• **THE PROBLEM**
Though the records contain pictures, copy none of them; repeat exactly the lines from the one with "Růžová šifonová kolová" to the end.

Short text fragments from websites:
□ □ □

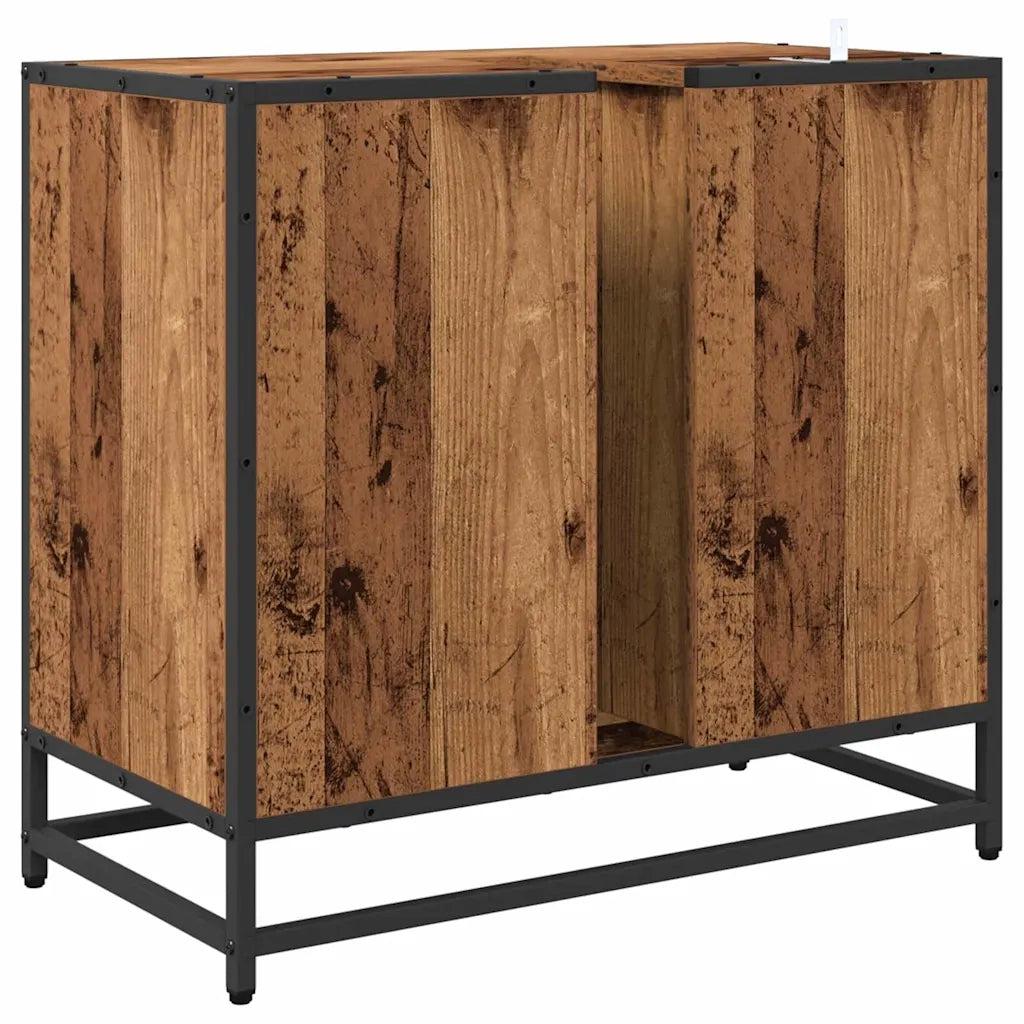 Mobile da Bagno Legno vecchio 65 x 33 x 60 cm Legno multistrato 883624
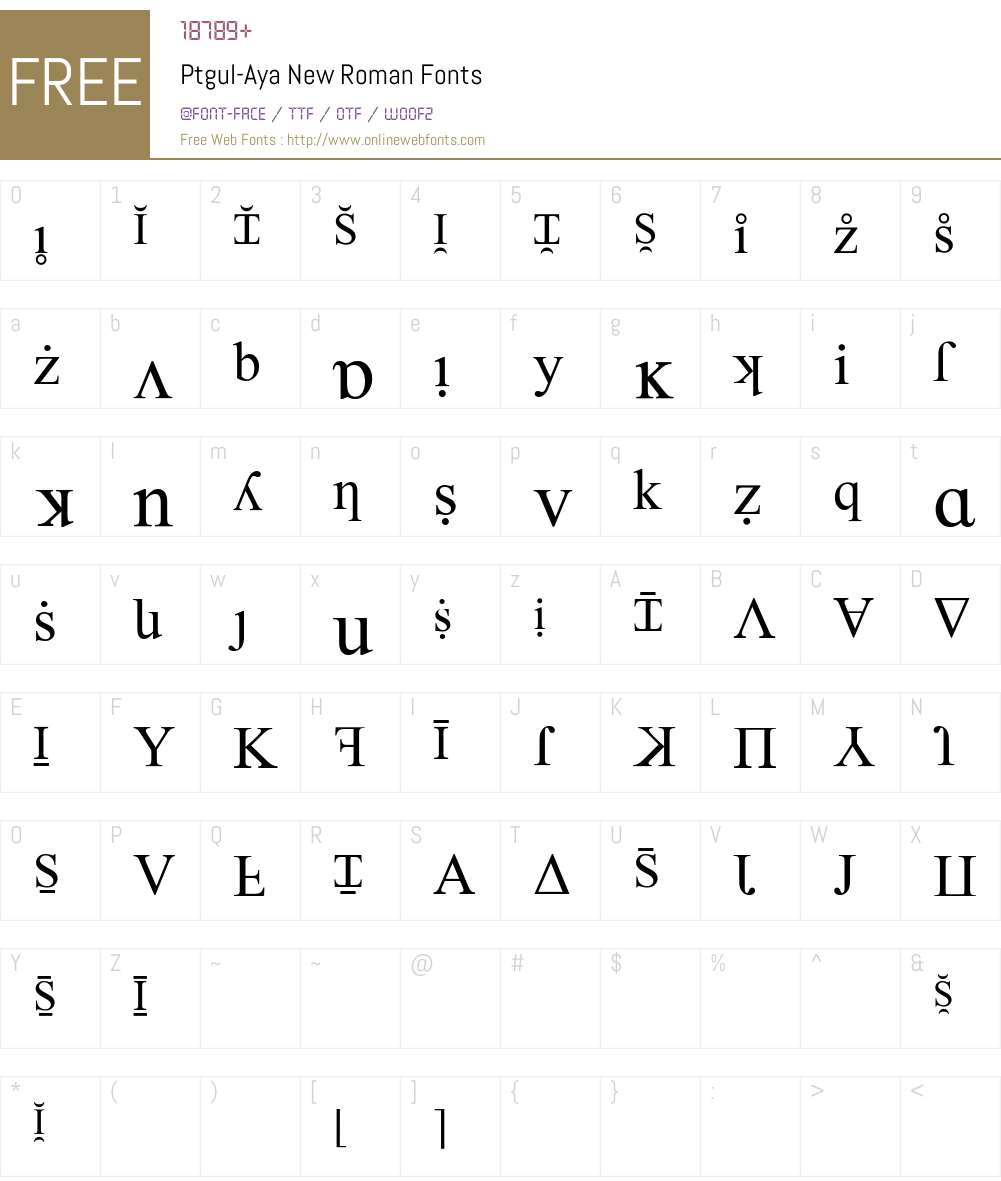 ptgul-aya-new-roman-1-00-july-21-2019-fontcreator-11-5-0-2427-64-bit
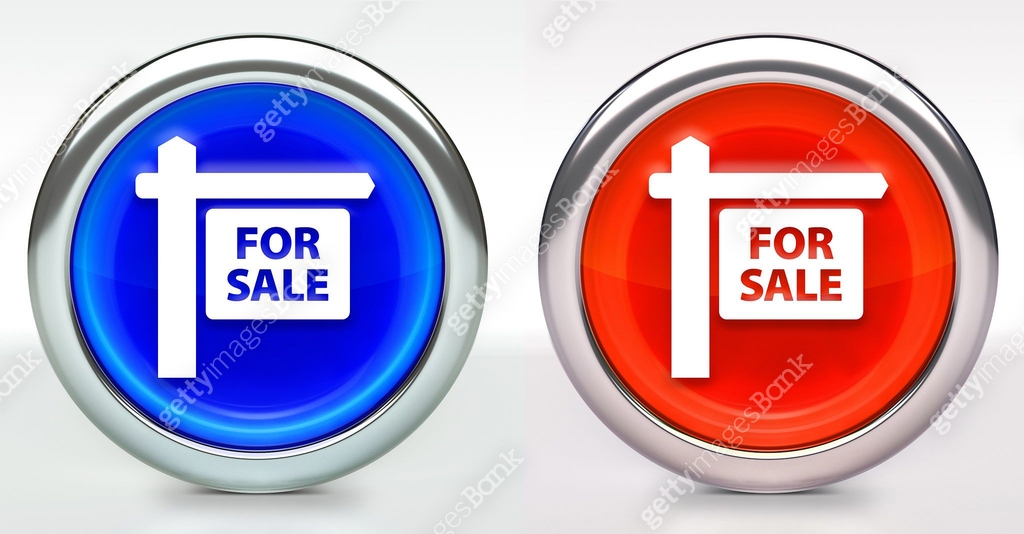 Button Pin Sale Sign For Sale Sign Icon on Button with Metallic Rim 이미지 (612820116) - 게티이미지뱅크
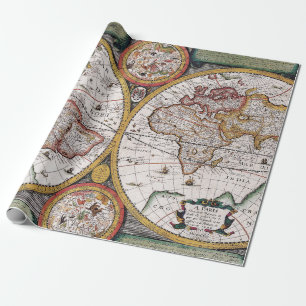 Antike Alte Karte Inspiriert (12) Geschenkpapier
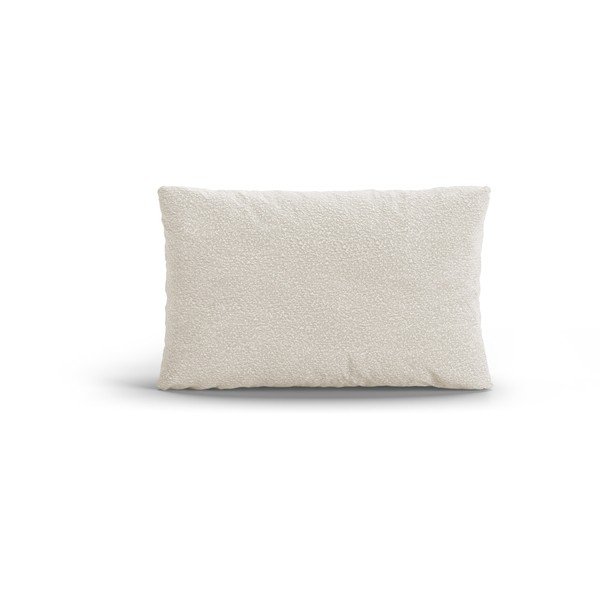 Bílý polštář na gauč z textilie bouclé Poppy – Micadoni 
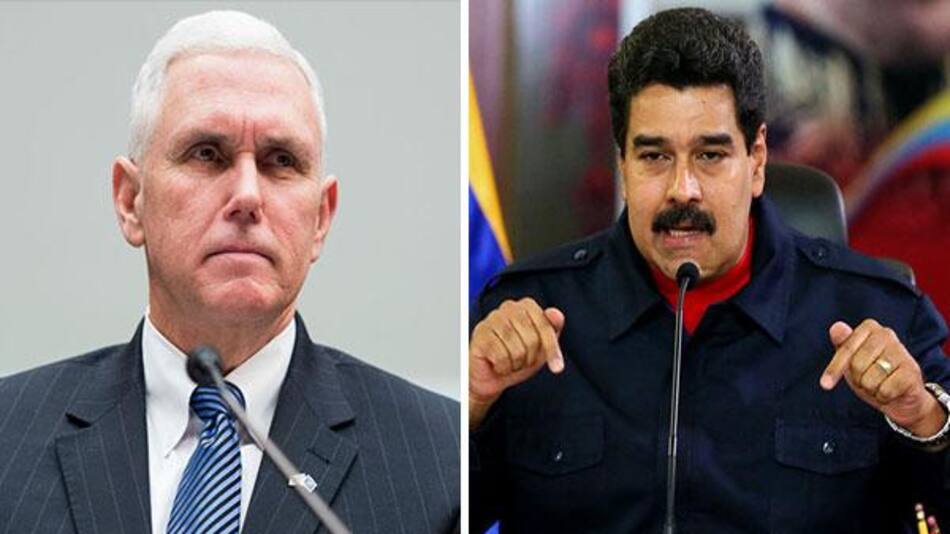 Mike Pence - Nicolás Maduro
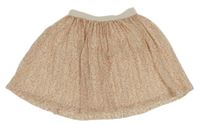 Růžová šifonová kolová sukně s květinami Little Kids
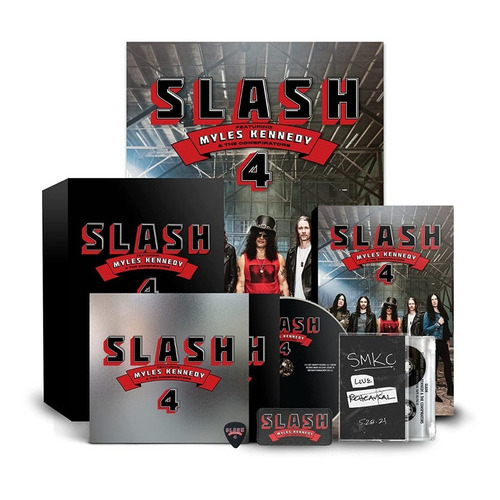 Slash 4 Myles Kennedy Box Cd + Cassette + Pua Import Nuevo 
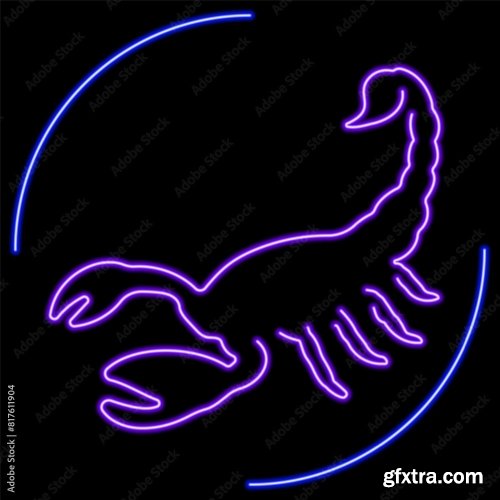 Scorpion Neon Sign 6xAI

□ □ □

• **SOLUTION TO THE PROBLEM**
 Růžová šifonová kolová sukně s květinami Little Kids
 Slash 4 Myles Kennedy Box Cd + Cassette + Pua Import Nuevo 
 Scorpion Neon Sign 6xAI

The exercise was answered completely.